There is a video circulating of a school police officer (why? why is this a thing?) tearing a young woman out of her desk.
We are horrified (I hope.) Some of the old standbys have been dragged out. What happened before? What did she do to deserve it?
I can not even care.
The story comes out, in bits and pieces, the way things do on the internet. It’s like putting together a puzzle without the box. It won’t make sense until all the pieces are fitted into place.
The newest pieces, though, broke my heart.
She is in care.
As and adult, I look around at my life. I see my home, my love, my job, my stability. I imagine it all gone. If the worst thing I were to do is be on my phone at an inopportune time? That’s entirely reasonable.
My empathy runs over.
My family sent me away. They cut me out. I ended up in care. I lived in a group home with 4 other girls.
I fell completely apart. I was self destructive. I was angry. I was probably pretty fucking frustrating. Because I was vulnerable, I was re-victimized by people who saw my instability as opportunity.
I may have looked defiant or even completely normal (amazingly few folks knew when I was homeless) but I was not.
I was a maelstrom and I deserved to be.
I am glad there were no police officers in my school. I appreciate that the colour of my skin kept me safer. I know that teachers who showed compassion rather than strict adherence to structures not build for broken-hearted teens saved me a similar fate.

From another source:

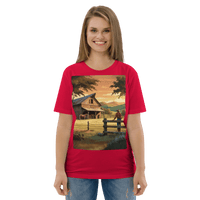 Rustic Ranch Life Organic Cotton T-Shirt | Cowboy & Horses Tee - Design Delight Studio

I worry for her. I worry because the piling on of tragedy can set a pattern in motion that is hard to pull out of. I worry because she is experiencing in public what I was fortunate enough to experience in private. I worry because we treat people’s lives like fiction. This is not fiction. It is not okay. It is her reality and that reality is more common than you know.
Dear broken-hearted teens – I am sorry. I am sorry we treat you like anything less than a human in need. I am sorry we do not have empathy, that we do not have resources, that we do not see you.
I am so, so sorry.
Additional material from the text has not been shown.